# Wild Rice Soup



## FraidKnot (Sep 28, 2006)

While on the road with my SO, John, who is a freelance artist, we found ourselves in Minnesota for an art show.  It's not the first time we've been there, mind you, but we ate at a place that served a great wild rice soup which we had a starter.  I've made this before but I cheated and used Uncle Ben's mix.  This is *real* wild rice soup:

Wild Rice Soup

1/4 c. butter
1/4 c. raw wild rice
1/2 c. slivered almonds
1/2 c. diced onions
1/2 c. diced celery
1/2 c. grated carrots
4-1/2 c. chicken or vegetable stock
1/2 tsp. pepper
1 tsp. salt
1 Tbs. chopped fresh parsley
3-4 tsp. cornstarch
2 c. whipping cream

In a deep saucepan, cook the wild rice and almonds in butter for a minute, then add the onion, celery and carrots and saute for 2-3 minutes or until the onion is translucent. Add the stock. Season with salt & pepper.  Cover and simmer the soup for 1-1/2 hours. Make a slurry with the cornstarch and 1 cup of the whipping cream and gradually stir this into the hot soup to thicken. Stir in the remaining cream and heat through. Top with chopped fresh parsley and serve.

Fraidy


----------



## candelbc (Sep 28, 2006)

I LOVE Wild Rice Soup.. Just can't go wrong.. Thanks for posting the recipe. 

-Brad


----------



## Alix (Mar 21, 2009)

Hey, I've never had this, it sounds really good.
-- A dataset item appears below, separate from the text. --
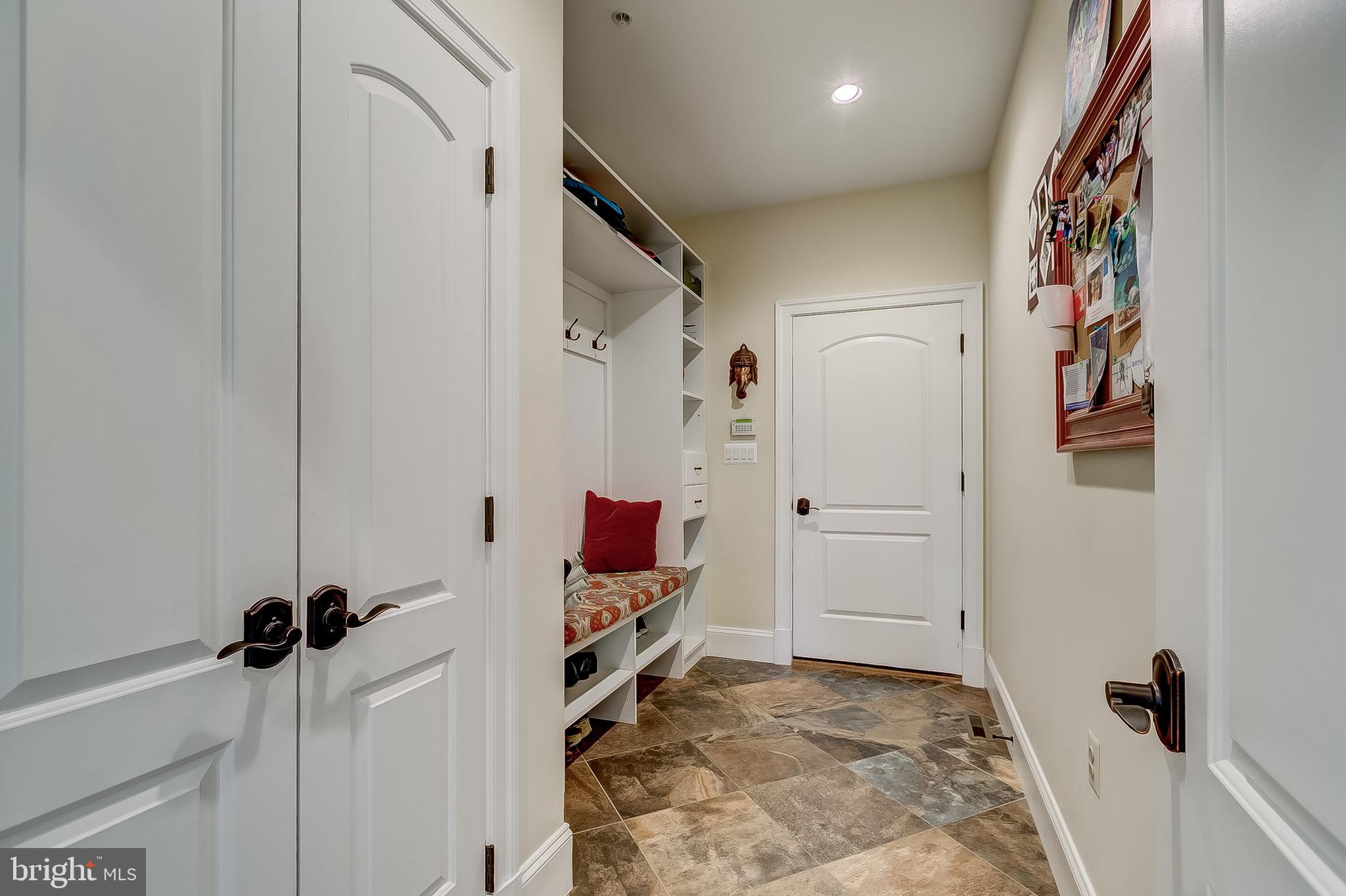 RIDGE SCHOOL - Residential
Anyone here try it?


----------



## Wyogal (Mar 21, 2009)

I usually cook my wild rice separately, strain the black water off, then add it to a cream of chicken soup (kind of like what you have).


----------



## Katie H (Mar 21, 2009)

I have at least a half dozen recipes for wild rice soup...all delicious and all different.  I love wild rice soup.


----------